DATA EXCERPTS START

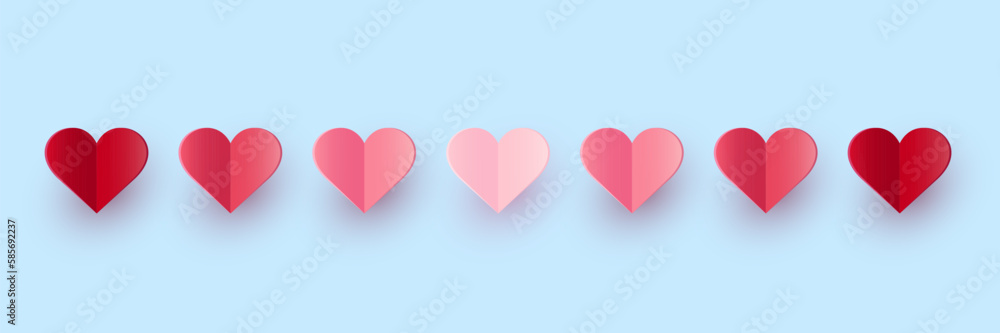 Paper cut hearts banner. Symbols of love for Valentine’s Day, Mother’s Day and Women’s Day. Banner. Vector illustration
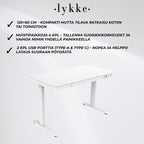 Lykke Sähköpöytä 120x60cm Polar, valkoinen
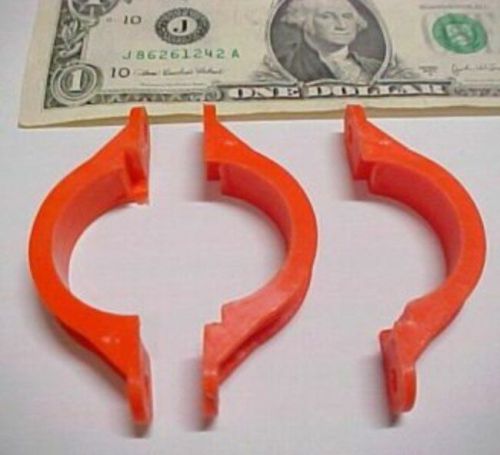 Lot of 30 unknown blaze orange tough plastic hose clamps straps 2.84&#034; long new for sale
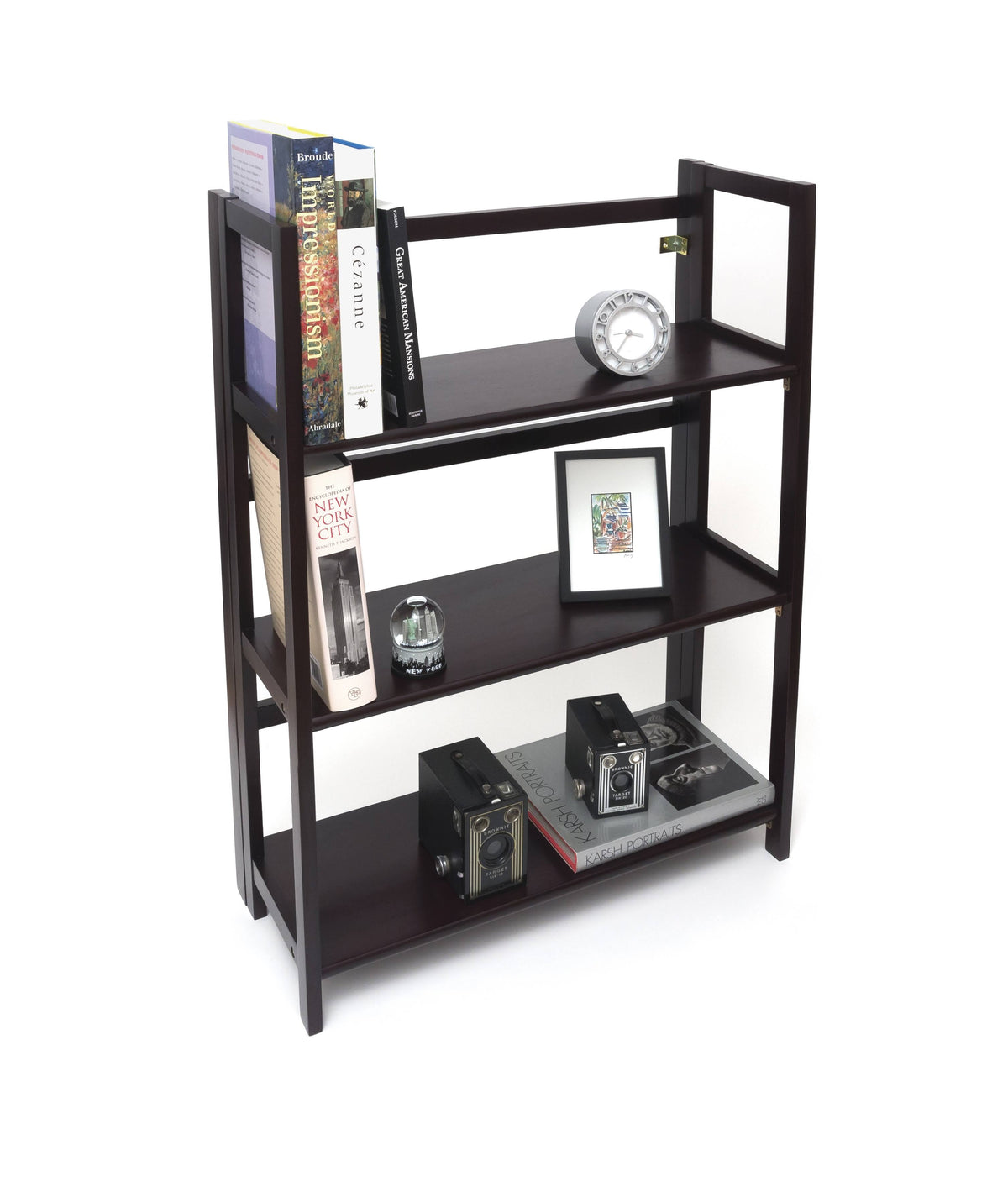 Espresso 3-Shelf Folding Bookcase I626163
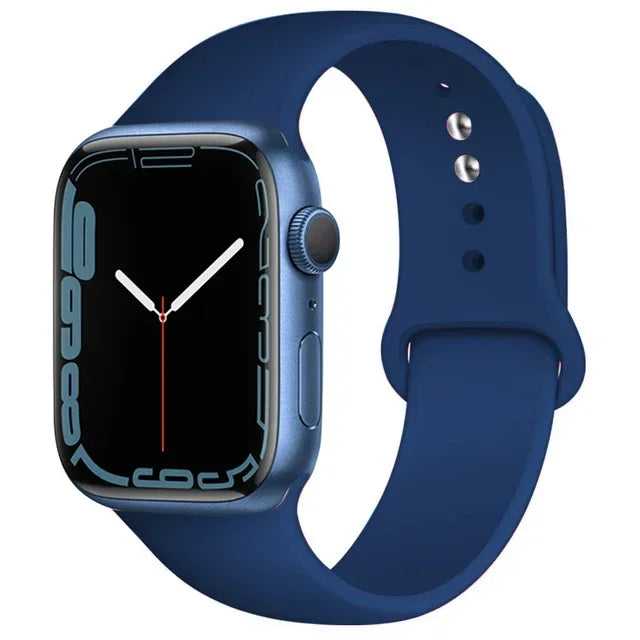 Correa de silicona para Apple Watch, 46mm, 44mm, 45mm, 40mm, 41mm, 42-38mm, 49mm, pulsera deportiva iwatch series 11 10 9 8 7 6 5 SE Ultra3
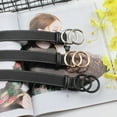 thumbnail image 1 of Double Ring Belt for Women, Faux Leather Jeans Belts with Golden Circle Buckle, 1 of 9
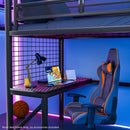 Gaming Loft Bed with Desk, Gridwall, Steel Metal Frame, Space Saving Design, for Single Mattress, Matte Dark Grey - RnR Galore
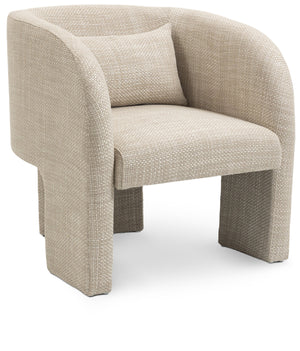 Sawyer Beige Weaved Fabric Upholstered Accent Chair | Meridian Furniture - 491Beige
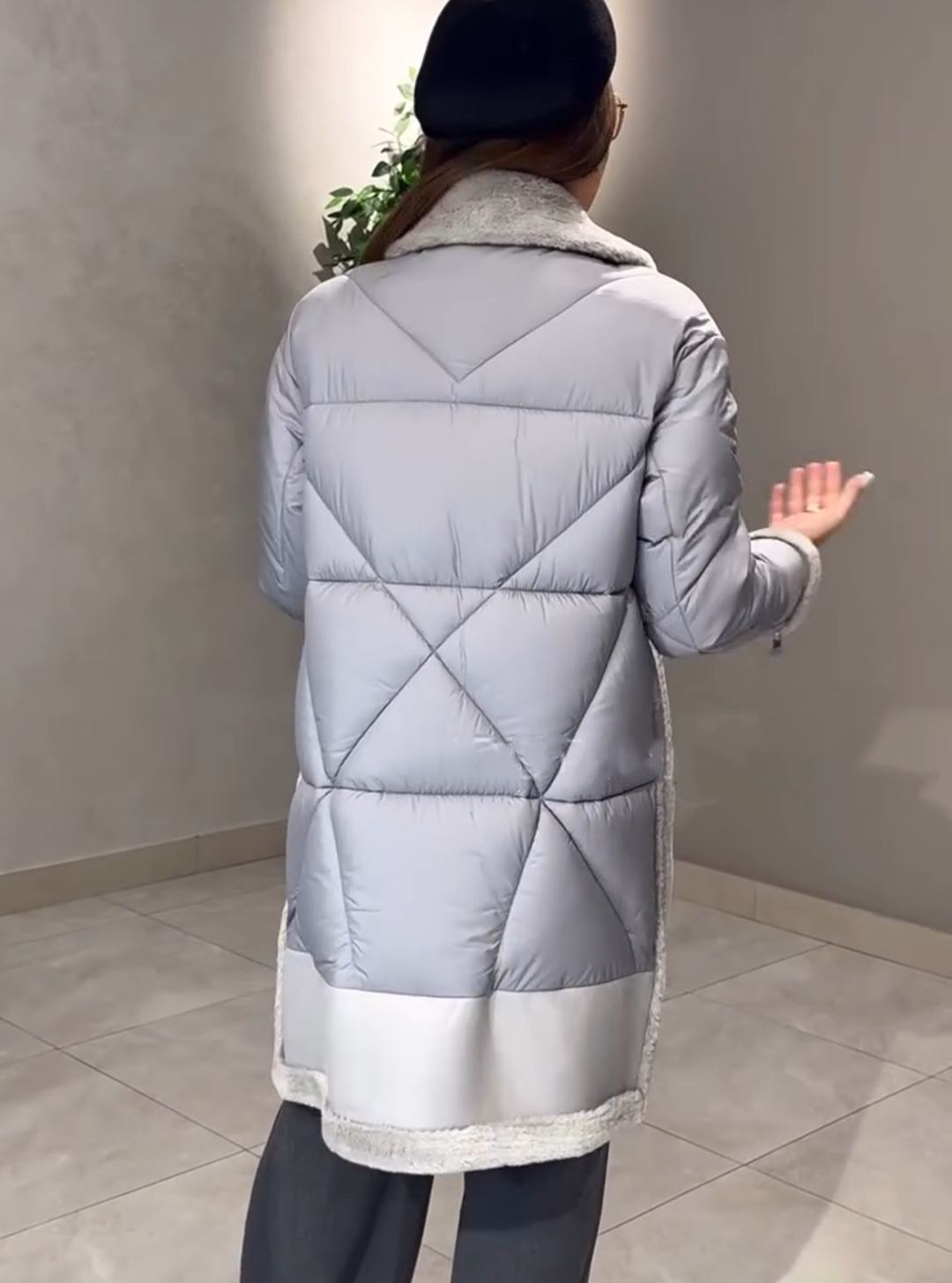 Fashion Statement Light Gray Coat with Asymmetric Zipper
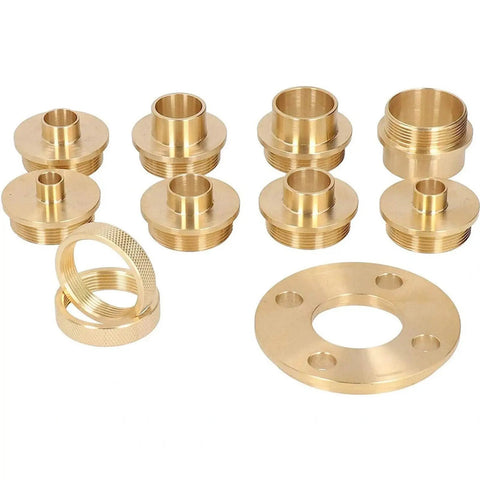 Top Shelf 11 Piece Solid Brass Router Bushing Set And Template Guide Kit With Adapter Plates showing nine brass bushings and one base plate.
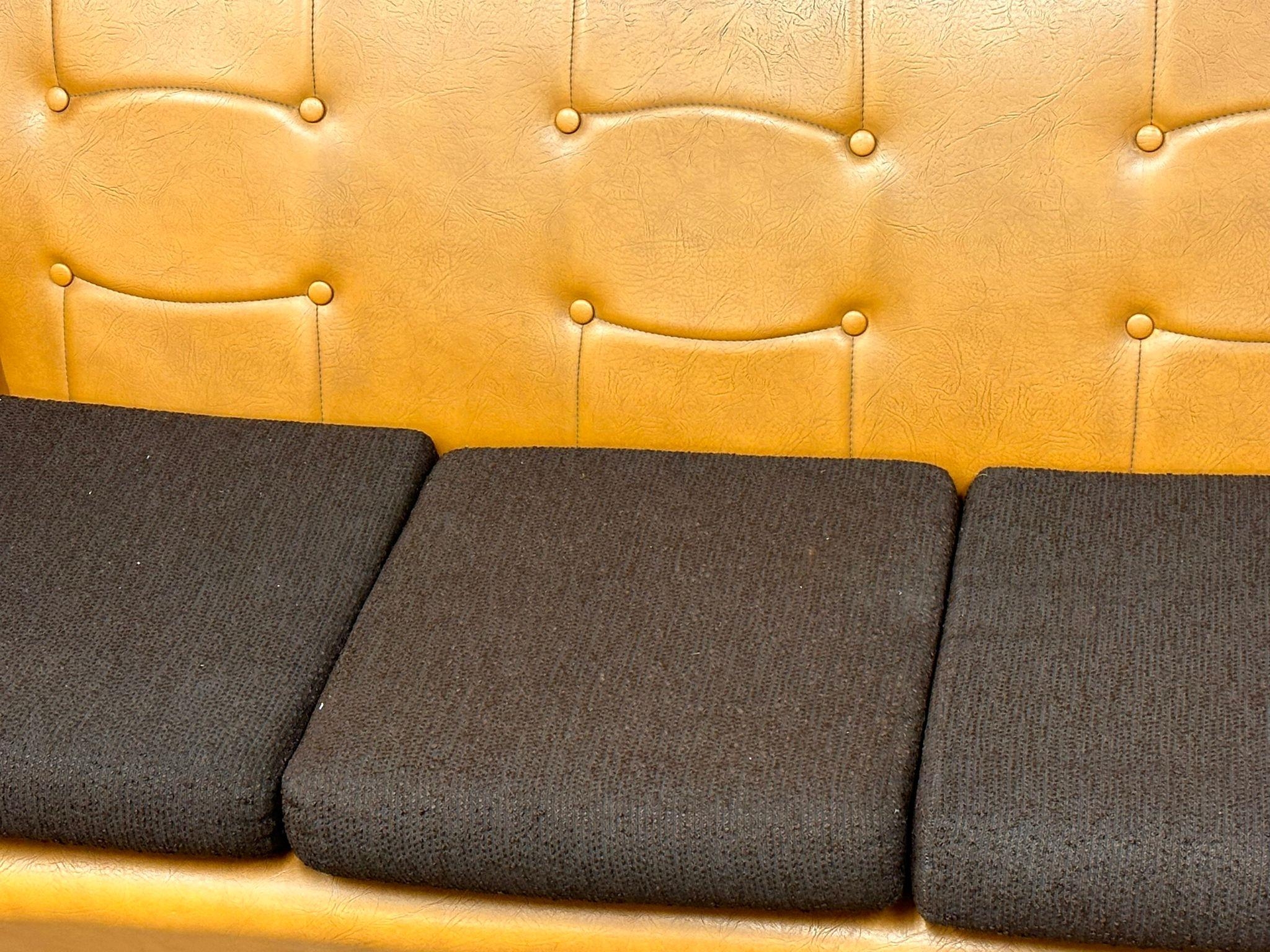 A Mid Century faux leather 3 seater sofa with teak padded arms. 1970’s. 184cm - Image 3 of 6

DATA EXCERPTS END

* TASK REQUIREMENTS:
Retype all entries exactly; omit pictures.

* TASK RESULT:
 Paper cut hearts banner. Symbols of love for Valentine’s Day, Mother’s Day and Women’s Day. Banner. Vector illustration
 Lykke Sähköpöytä 120x60cm Polar, valkoinen
 Lot of 30 unknown blaze orange tough plastic hose clamps straps 2.84&#034; long new for sale
 Espresso 3-Shelf Folding Bookcase I626163
 Correa de silicona para Apple Watch, 46mm, 44mm, 45mm, 40mm, 41mm, 42-38mm, 49mm, pulsera deportiva iwatch series 11 10 9 8 7 6 5 SE Ultra3
 thumbnail image 1 of Double Ring Belt for Women, Faux Leather Jeans Belts with Golden Circle Buckle, 1 of 9
 Gaming Loft Bed with Desk, Gridwall, Steel Metal Frame, Space Saving Design, for Single Mattress, Matte Dark Grey - RnR Galore
 Sawyer Beige Weaved Fabric Upholstered Accent Chair | Meridian Furniture - 491Beige
 Fashion Statement Light Gray Coat with Asymmetric Zipper
 Top Shelf 11 Piece Solid Brass Router Bushing Set And Template Guide Kit With Adapter Plates showing nine brass bushings and one base plate.
 A Mid Century faux leather 3 seater sofa with teak padded arms. 1970’s. 184cm - Image 3 of 6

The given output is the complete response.